---------- SUPPLIED INFORMATION

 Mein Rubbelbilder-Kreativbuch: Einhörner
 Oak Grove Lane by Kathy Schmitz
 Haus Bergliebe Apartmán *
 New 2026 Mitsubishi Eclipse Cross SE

--------------------
---------- SUPPLIED INFORMATION

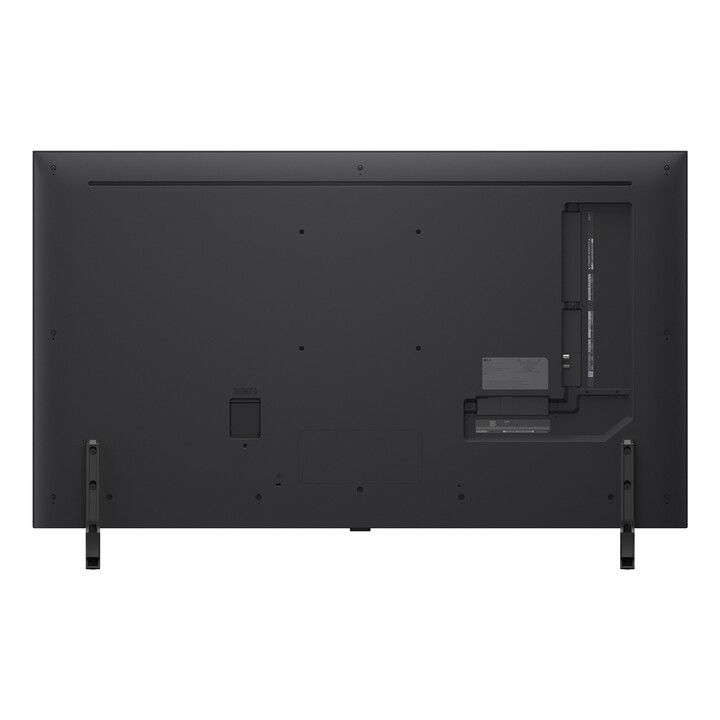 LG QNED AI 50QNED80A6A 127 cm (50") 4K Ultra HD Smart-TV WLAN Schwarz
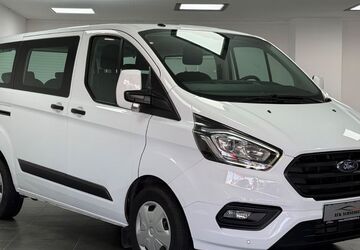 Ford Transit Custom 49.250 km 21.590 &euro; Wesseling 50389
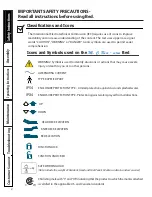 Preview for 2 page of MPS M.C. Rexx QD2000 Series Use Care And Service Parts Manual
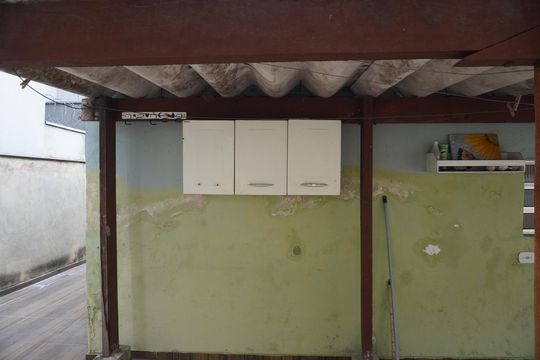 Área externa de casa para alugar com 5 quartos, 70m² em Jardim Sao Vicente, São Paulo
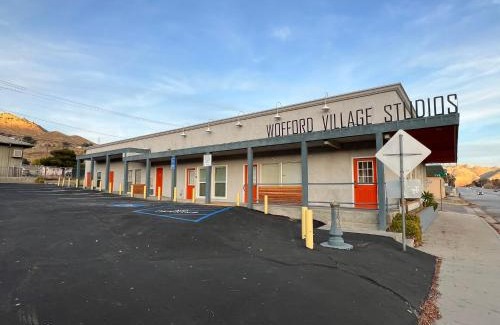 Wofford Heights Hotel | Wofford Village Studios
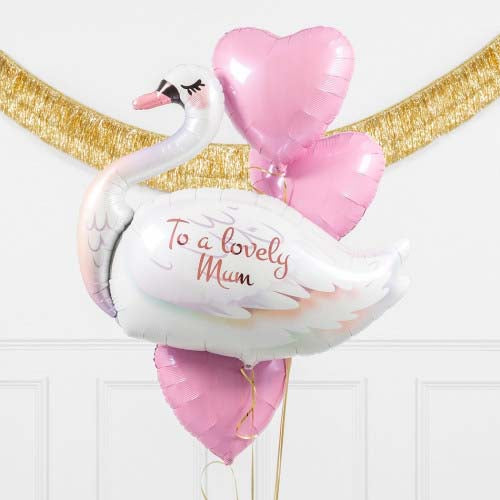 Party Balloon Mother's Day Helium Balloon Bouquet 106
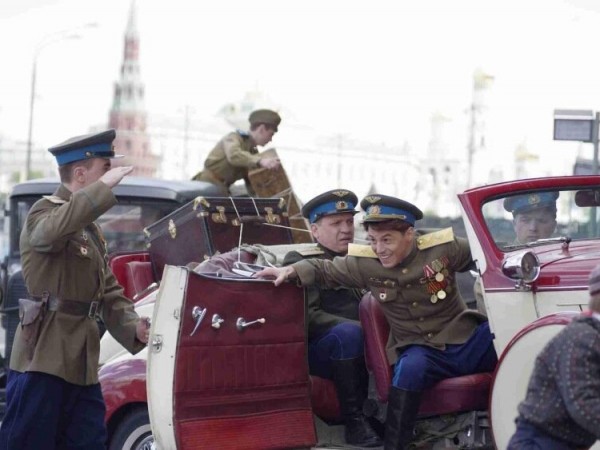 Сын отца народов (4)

--------------------

(PROBLEM) From the line that has "Haus Bergliebe Apartmán *" through the line that has "New 2026 Mitsubishi Eclipse Cross SE", copy every line exactly as it appears above, and leave out all others.

(EXPECTED OUTPUT)
 Haus Bergliebe Apartmán *
 New 2026 Mitsubishi Eclipse Cross SE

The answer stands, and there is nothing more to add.